Sweden has a milder climate than most other regions that far north. Sweden’s climate is influenced by the warm Gulf Stream that flows off Norway’s west coast. Sweden’s many lakes and the gulfs of Bothnia give Sweden a relatively mild climate.
July temperatures average 13 to 17°C. February’s temperatures range from – 22 to -3°C. In northern Sweden, winter temperatures drop to -30°C, or lower. Snow covers the ground in southern Sweden from December to April, and in northern Sweden from as early as October. Most of the country is icebound in winter, but special icebreaking boats keep the major ports open.
Sweden is in Northern Europe and borders Norway to the west; Finland to the northeast; and the Baltic Sea and Gulf of Bothnia to the east and south.
Sweden has a long coastline on the eastern side and the Scandinavian mountain chain (Skanderna) on the western border that separates Sweden from Norway. It has maritime borders with Denmark, Germany, Poland, Russia, Lithuania, Latvia and Estonia. It is 450,295 km2 (173,860 sq mi) in size.
Swedish cuisine features cultured dairy products, crisp and soft (often sugared) breads, berries and stone fruits, beef, chicken, pork & seafood. Potatoes are often served as a side dish, often boiled. Swedish cuisine has a huge variety of breads made of different grains and doughs rye. Lingonberry jam is popular. Thick fruit soups, like rose hip and blueberry soup served hot or cold, are typical of Swedish cuisine.
The 9,6 million population are mostly Swedes, with a minority of Sweden Finns and immigrants for Iraq, Lebanon, Iran and Syria.
Stockholm has an extensive underground metro system, and Göteborg and Norrköping run tram networks. Göteborg also has a city ferry service. Sweden has 11,663 km of railways lines, more than 570 000 km of roads and more than 2000 km of navigable waterways.
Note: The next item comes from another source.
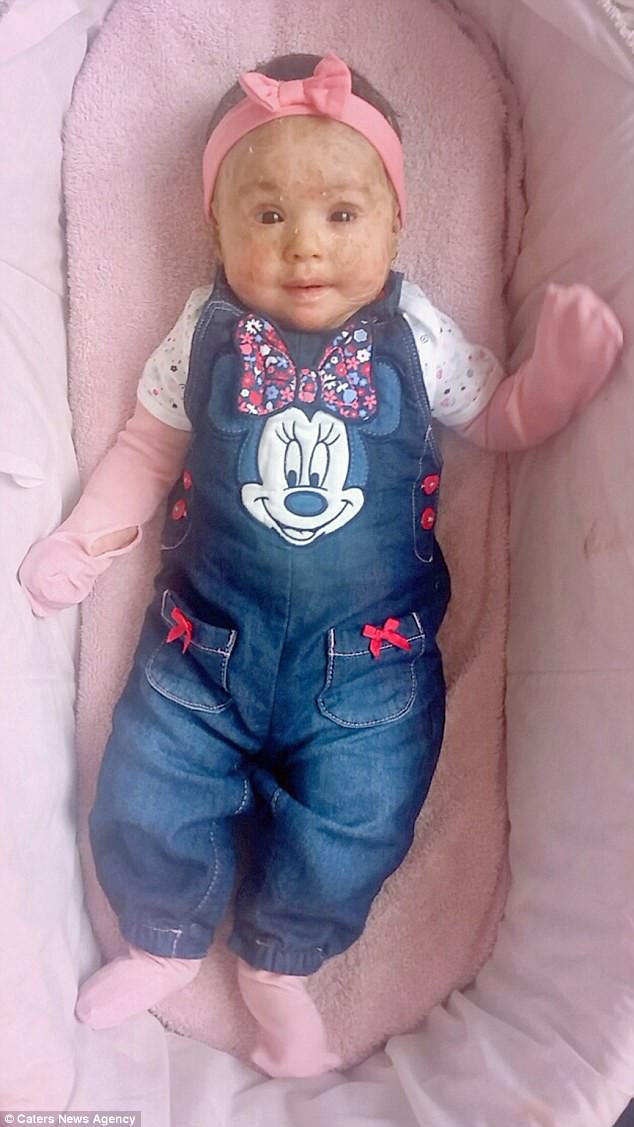 Sau đó, bác sĩ kết luận cô bé mắc chứng bệnh ichthyosis khiến da khô và hình thành vảy. Chị Maira cho biết: “Tôi thích gọi con gái mình giống như nàng tiên cá vì vẻ bề ngoài của bé. Dù con bé không bình thường như những đứa trẻ khác nhưng tôi đã dành trọn tình yêu cho nó ngay từ cái nhìn đầu tiên”. Ảnh: CNA.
Sweden has a developed export-oriented diverse economy aided by timber, hydropower, and iron ore. The main industries include motor vehicles, telecommunications, pharmaceuticals, industrial machines, precision equipment, chemical goods, home goods and appliances, forestry, iron, and steel.
Sweden is a highly competitive mixed-market economy featuring a generous universal welfare state financed through relatively high income taxes that ensures that income is distributed across the entire society. Some 90% of all resources and companies are privately owned, with 5% owned by the state and another 5% operating as consumer or producer cooperatives. The GDP is 394 billion US dollars.
For international travel, Arlanda is the hub for the Stockholm region and places north thereof. For south- or westbound international travel from places in Sweden well south of Stockholm, Copenhagen is the hub. From Gothenburg, some main airports of Europe can be directly reached and be used as hubs.
About half of the population actively takes part in sports activities and about 20% of the total population belongs to sports club. Handball, football, golf, gymnastics and athletics attract the most participants, while football, ice hockey, handball, bandy, golf, motor sport and athletics attract the most television viewers.
Popular recreational sports and activities include brännboll, boule, kubb, skiing, swimming, gymnastics, walking, running, cycling, dancing and hunting.